Meskipun demikian, Arab Saudi dan Israel, belakangan ini, menjalin kerja sama
karena kepentingan mereka bertemu: memandang Iran sebagai ancaman dan musuh
mereka.
Pada akhirnya, ketegangan,
persaingan, dan pertarungan antara Arab Saudi dan Iran akan sangat
memengaruhi situasi, perdamaian, dan stabilitas di Timur Tengah. Apalagi
sekarang, setelah tercapainya kesepakatan nuklir antara Iran dan AS serta
negara-negara Barat (2015), Iran yang selama ini terkena sanksi terbuka
kemungkinannya untuk terus mengembangkan diri, dan membuka diri bagi masuknya
investasi, serta berdagang dengan negara-negara lain. Sebab, Israel dan Arab
Saudi adalah dua negara yang menentang kesepakatan nuklir tersebut.
Rusia
dan AS di Timur Tengah
Baik Rusia maupun AS
memiliki kepentingan kuat di Suriah. Kedua negara berusaha menjamin bahwa
Suriah tetap stabil dan bersatu meskipun kedua negara memiliki cara berbeda
untuk mewujudkan tujuan tersebut.
Moskwa ingin mengalahkan kelompok
garis keras bersenjata terutama ISIS serta kelompok-kelompok anti Bashar
al-Assad sehingga mereka tidak melebar masuk ke wilayah Rusia. Sementara
Washington menyatakan bahwa beberapa kelompok adalah ”moderat” dan karena itu
perlu dukungan.
Rusia sudah lama mendukung
Assad yang dianggap sebagai satu-satunya cara untuk mencegah radikalisasi
Islam di kawasan. Sebaliknya, AS dan negara-negara sekutunya, Barat,
berpendapat bahwa Assad dan ISIS dapat diperangi secara serempak.
Pendek kata, tujuan
pertama AS di Suriah adalah untuk menghabisi ISIS, tujuan kedua mengakhiri
perang saudara (perang sektarian) dan juga perang proksi di Suriah, tujuan
ketiga menyingkirkan Bashar al-Assad, dan keempat mempertahankan keutuhan
Suriah. Selain itu, kepentingan AS di Timur Tengah terutama untuk
mempertahankan stabilitas regional lebih untuk kepentingan keamanan Israel,
mendorong pertumbuhan ekonomi dan mempromosikan demokratisasi.
AS berusaha mencegah
perang di Suriah meluas dan menjadi penyebab utama destabilitasi kawasan.

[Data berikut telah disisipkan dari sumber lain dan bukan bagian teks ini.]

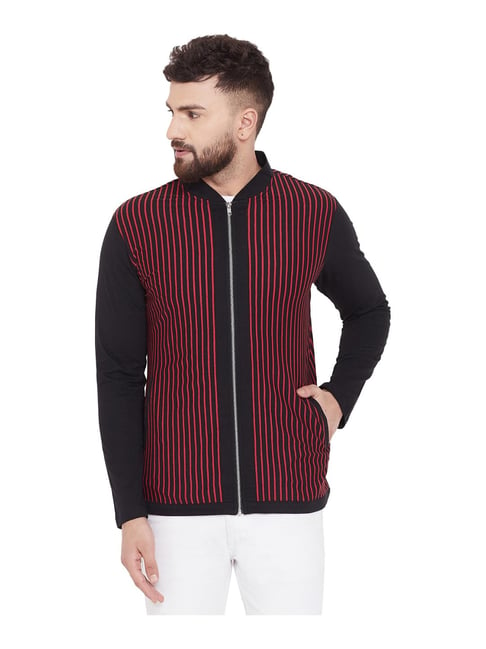 Hypernation Black & Red Striped T-Shirt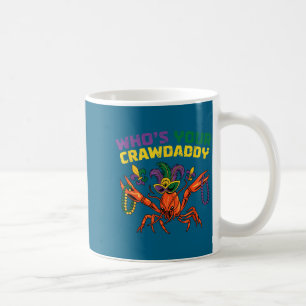 Caneca De Café Quem é o crawdaddy lagostim bobo contas engraçado 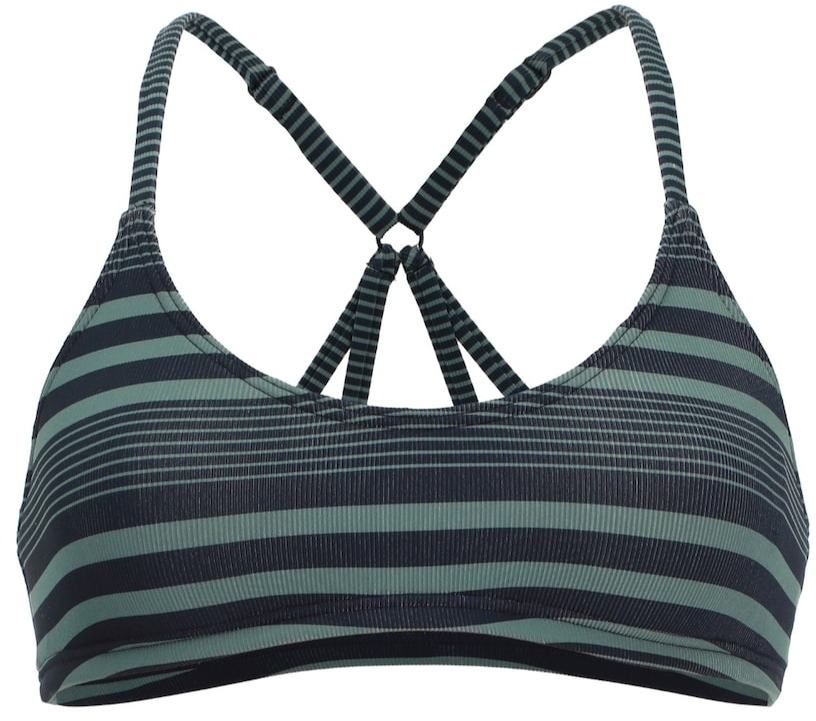 VIVID Bikinový top  tmavomodrá / tmavozelená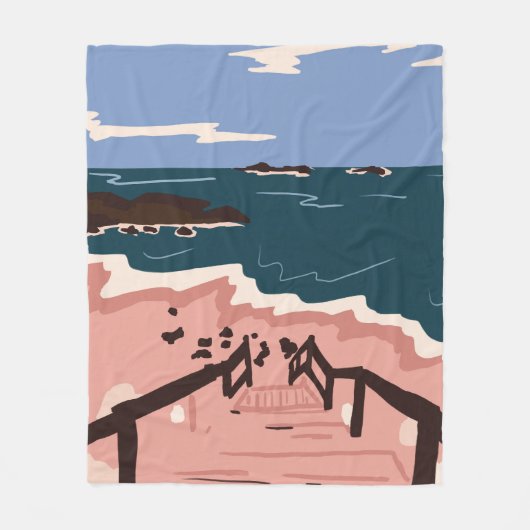 Ocean Blues Fleece Deken (Voorkant)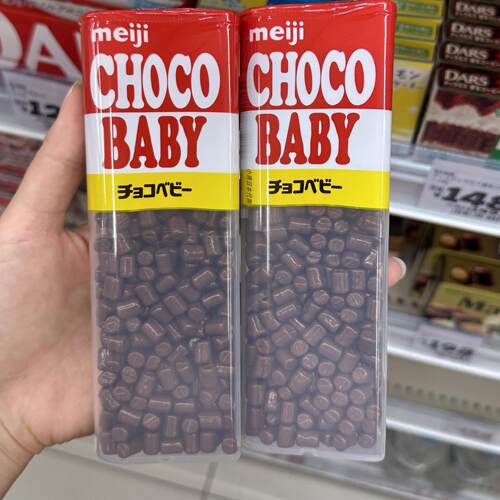 日本小朋友零食明治巧克力豆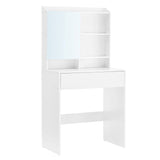 Schminktisch mit Spiegel und Schublade Weiss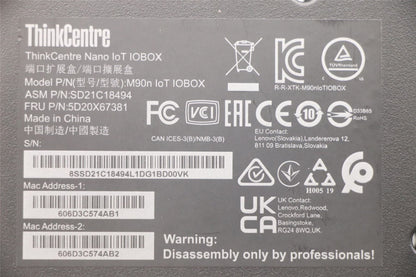 Lenovo IoT IO BOX DT1 V2 5D20X67381
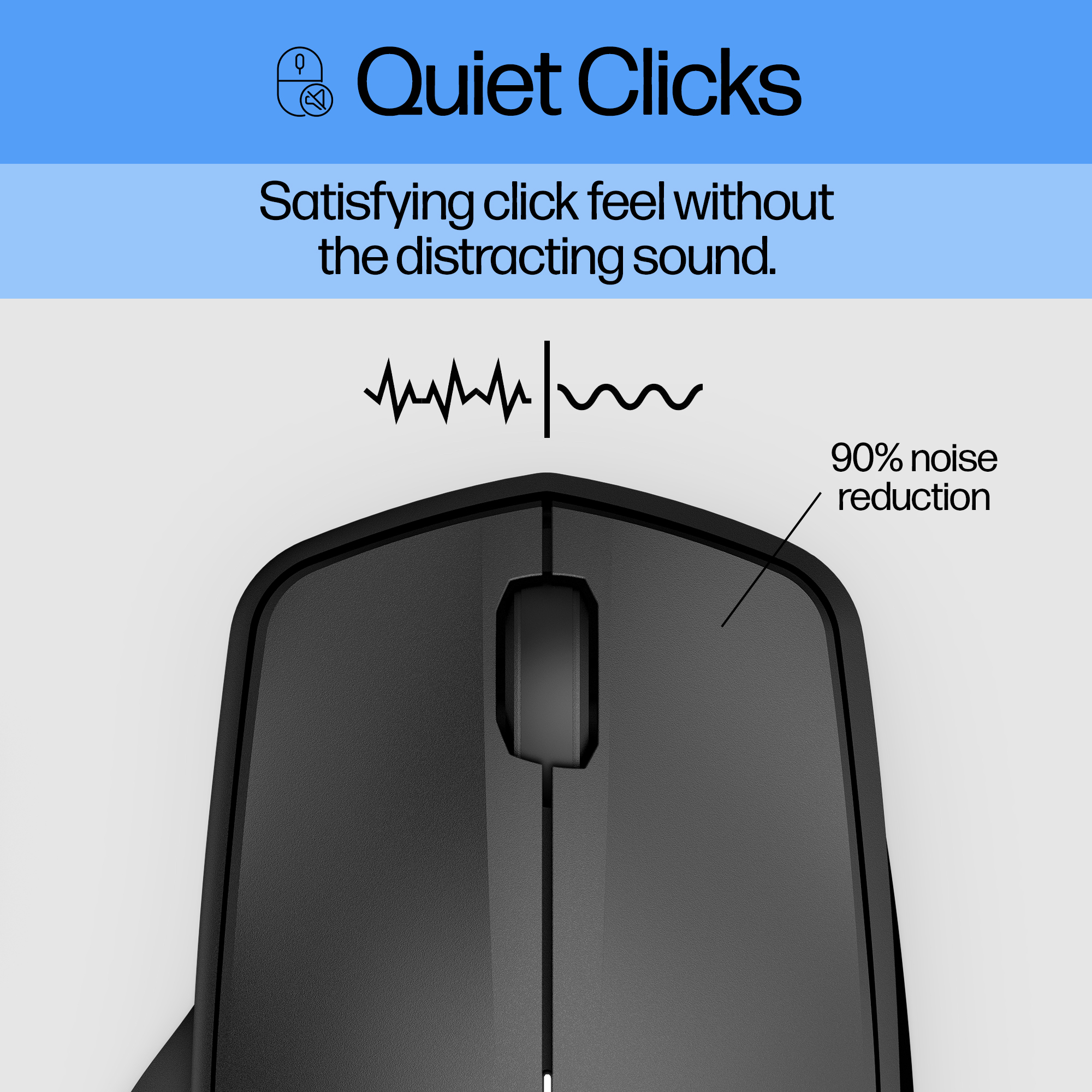 HP 280 Silent Black Wireless Mouse – image 8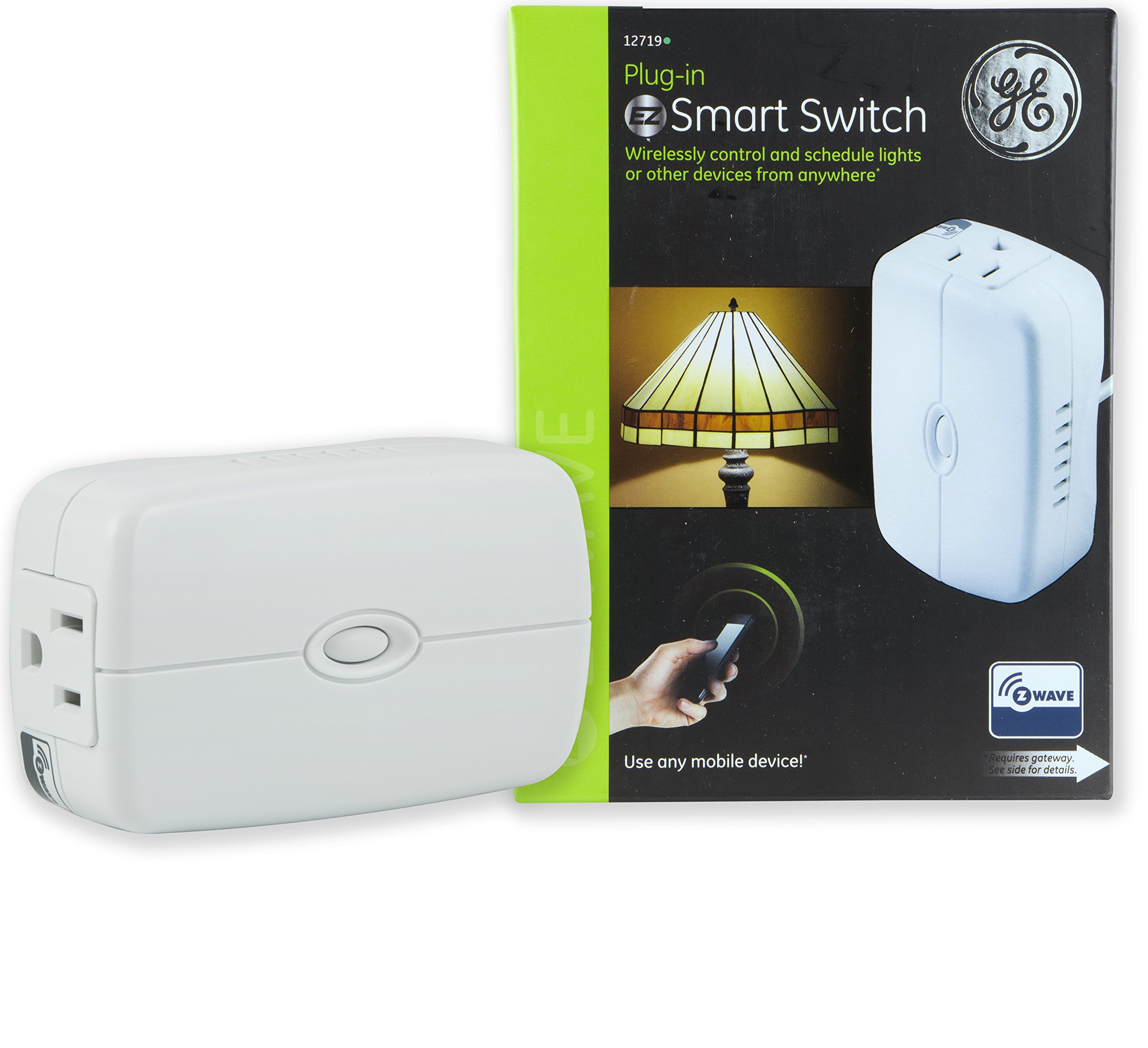 GE ZWave Wireless Smart Lighting Control Appliance Module, On/Off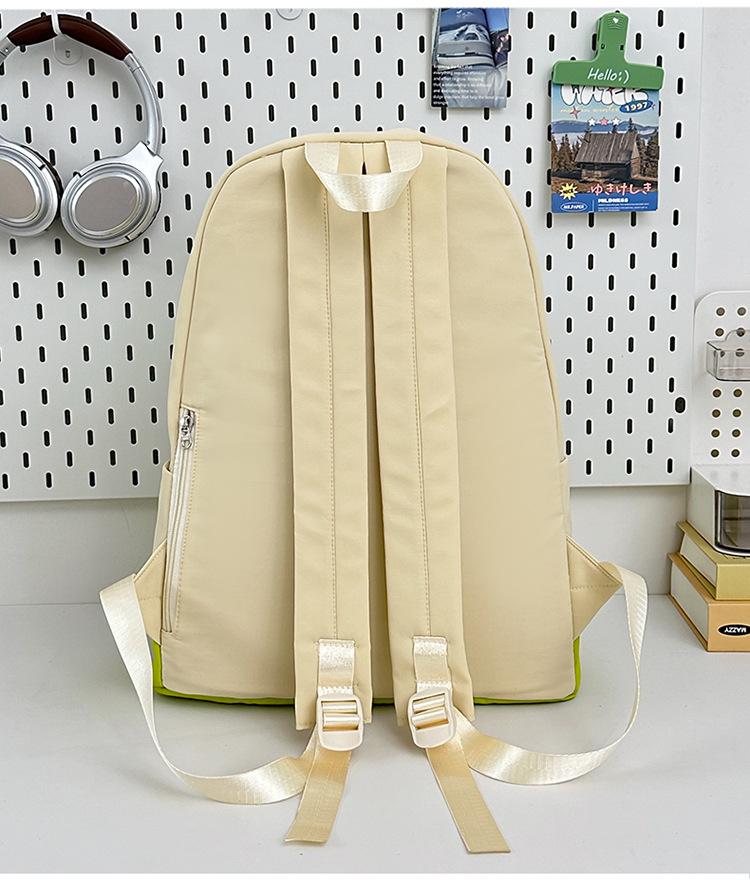 Women's Stylish Large Capacity Backpack - Versatile Japanese Ins Style for Middle & High School Students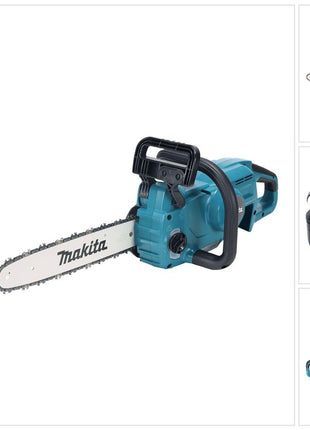 Tronçonneuse à batterie Makita DUC 357 FX2 18 V 35 cm 7,7 m/s sans balais + 1x batterie 3,0 Ah - sans chargeur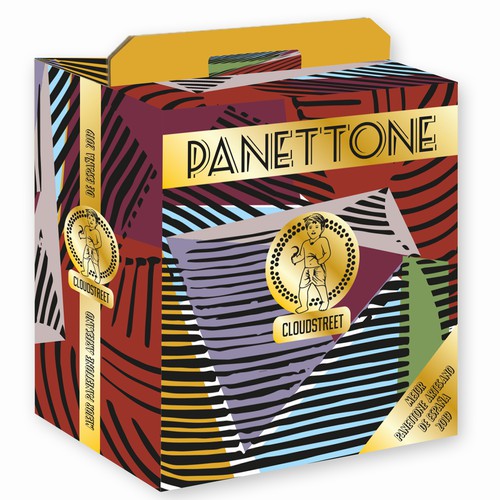 Dessert packaging with the title 'Thinking of Picasso'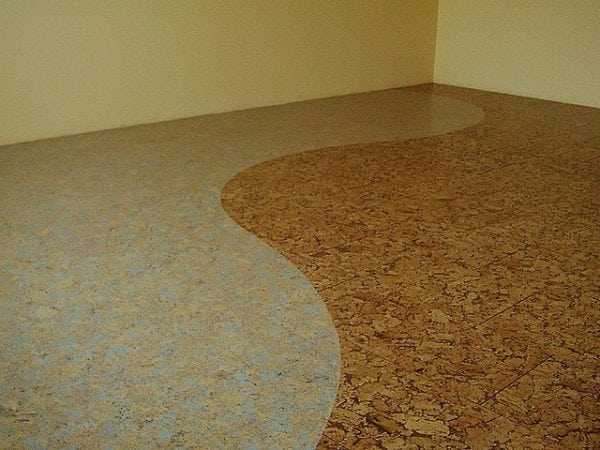 Покраска пробкового пола лаком Покрашенный пробковый пол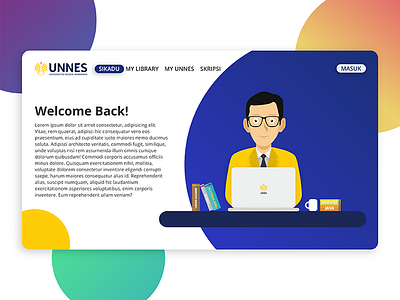 Student Landing Page blue css ellipse gradient html landing logo page purple student vector yellow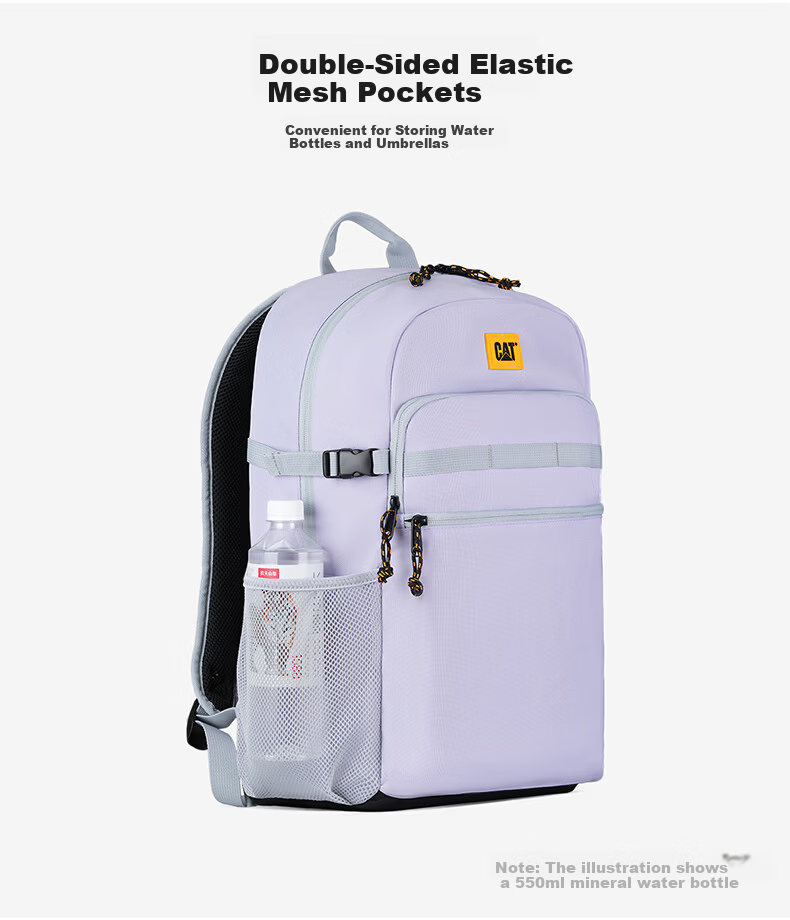 CAT Backpack Simple School Bag Laptop Bag 15/16 Inch Large Capacity Travel Bag 84982 Gray 6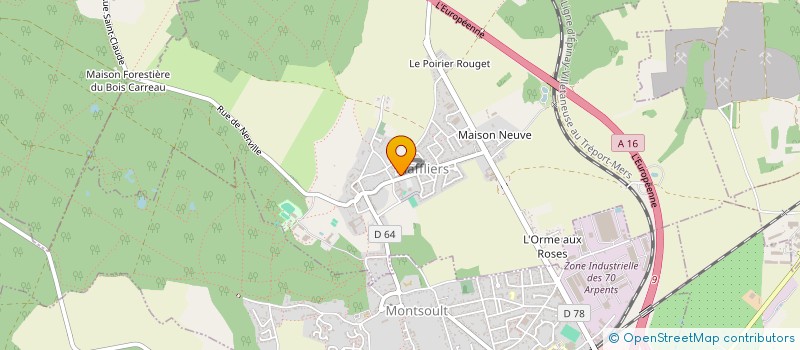 localisation de l'entreprise LNCT  MAFFLIERS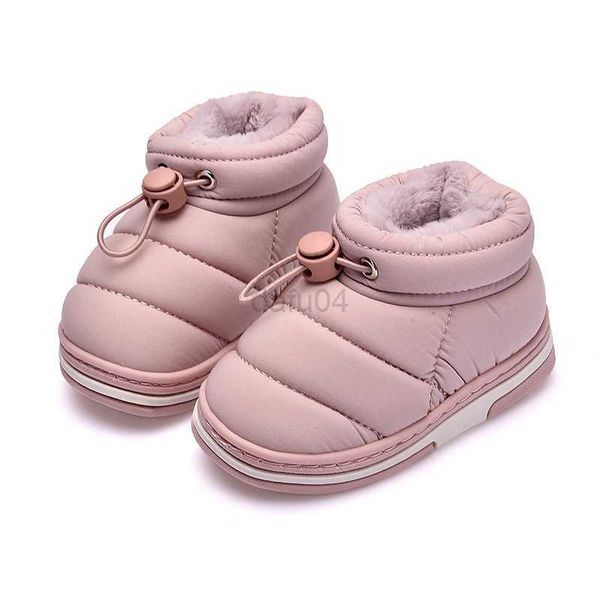 Stivali neonate stivali invernali caldi bambini ragazzi scarpe da neve all'aperto belle addensare scarpe di peluche per bambini scarpe da casa per interni scarpe di moda L0828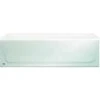Bootz Industries 011-3672-00 Aloha AFR 60 In. Right Drain Raised Outlet Rectangular Alcove Soaking Bathtub In White -Hardware Furniture 303687760 usn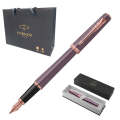 Pióro Wieczne Parker Meridian Fioletowe F Rose Gold + Etui + Torebka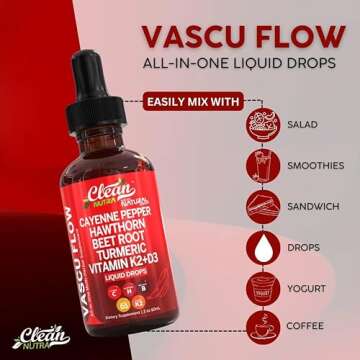 Clean Nutra Vascu Flow: Comprehensive Wellness Drops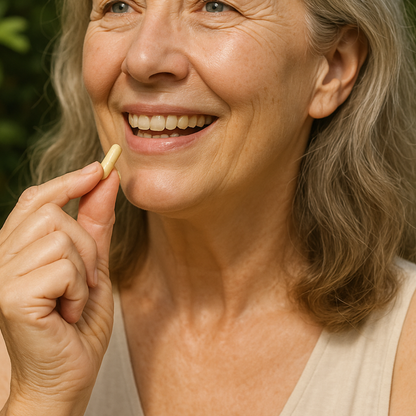 Cure Ménopause – Moins de bouffées de chaleur, un sommeil plus stable et une humeur plus apaisée, naturellement.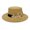 Khaki, variant on Beach Hats for Women Unisex Retro Floral Jewelry Style Wide Brim Party Hat Grey One Size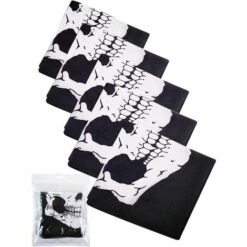 BENOBBY KIDS 5Pièces Masque De Crâne Masque De Visage De Crâne Vélo Moto Masque Squelette Demi-Visage Chapeau De Sport En Plein Air Halloween -Protection des voies respiratoires Soldes 66627362 4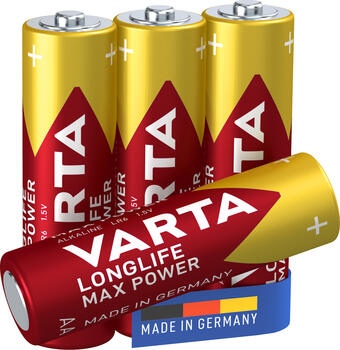 Varta Maxi Tech LR6-AA, Alkali, 1.5V, 4er-Pack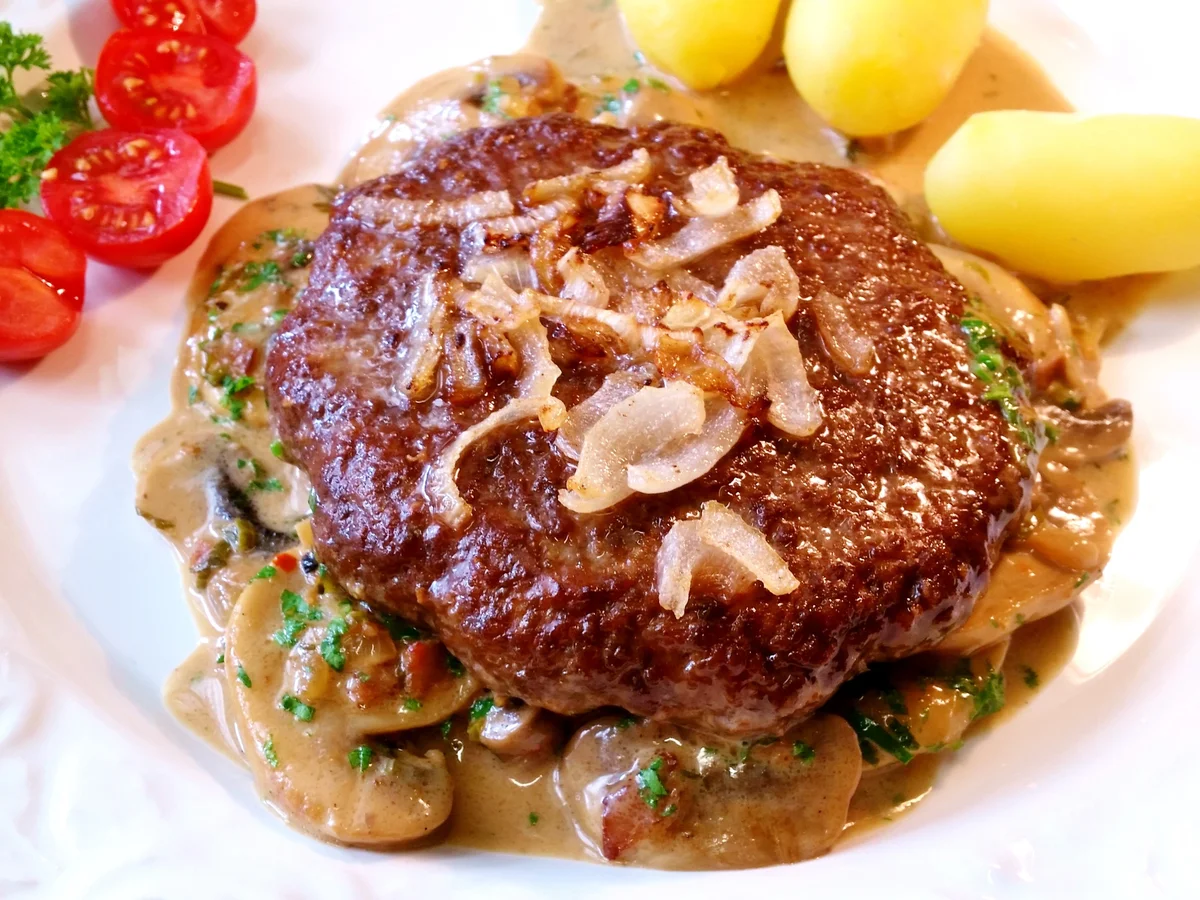 Rezept: XXL-Steakhaus-Burger auf Champignons Bild Nr. 4072 XXL-Steakhaus-Burger auf Champignons - Rezept - Bild Nr. 4072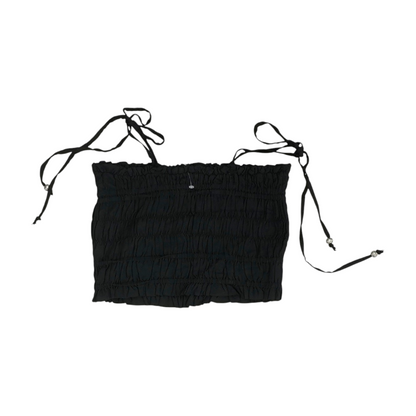 Black Cropped Blouse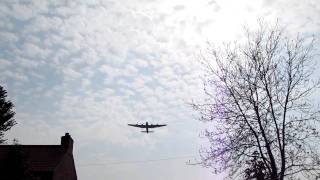 Lancaster Flies Over Bolingbroke Royal Wedding Street Party [upl. by Wills]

Karena itu, AS berkepentingan untuk membatasi konflik, termasuk konflik
berdimensi agama—persaingan antara Arab Saudi (Sunni) dan Iran (Shiah) untuk
memperebutkan wilayah pengaruhnya (Yoshiko Herrera, Andrew Kydd, and Fyodor
Lukyanov, U.S. and Russian Interventions in Syria: U.S. Goals and Interests,
https:// daviscenter.fas.harvard.edu
/sites/daviscenter.fas.harvard.edu/files/US_Goals.pdf ).
Sementara itu,
ketertarikan dan kepentingan Rusia di Asia Barat (Timur Tengah) telah ada
sejak zaman kekaisaran. Ketika dunia terbagi menjadi dua—blok komunis dan
kapitalis—hubungan Moskwa dengan Damaskus baik. Rusia berkawan dengan Suriah
di bawah kepemimpinan Hafez al-Assad (ayah Bashar al-Assad), yang meraih
kekuasaan lewat kudeta pada tahun 1970. Rusia saat itu menjadi pemasok utama
senjata pada Suriah dan mempertahankan satu-satunya pangkalan militer di luar
Uni Soviet di kawasan Mediterania, yakni di Tartus dan pangkalan angkatan
udara di Khmeimim, Suriah.
Keterlibatan Rusia di
Suriah pecah (2011) sejak tahun 2015, dengan melindungi penguasa Damaskus,
adalah pertama-tama untuk mempertahankan dan melindungi aset dan
aksesnya—Tartus dan Khmeimim—ke kawasan itu. Sejak terlibat perang, Rusia
menambah pijakannya di Suriah, yakni di Latakia yang digunakan untuk tujuan
penerbangan.
Selain pertimbangan
strategik ini, hubungan Rusia dan Suriah juga penting dalam konteks ekonomi
dan usahanya untuk menghadang kekuatan perlawanan kelompok-kelompok yang oleh
Moskwa disebut sebagai kelompok teroris yang beraliansi atau bekerja sama
dengan ISIS untuk mendukung Chechnya.
Secara ekonomi, Rusia di
Suriah menanamkan investasi di sektor energi, baja, dan penerbangan. Rusia
juga menandatangani sejumlah kontrak untuk konstruksi industri pengolahan
gas, fasilitas irigasi, dan pusat tenaga listrik (Damascus wants Russia to
develop Syrian oil”, RT, November 26, 2015.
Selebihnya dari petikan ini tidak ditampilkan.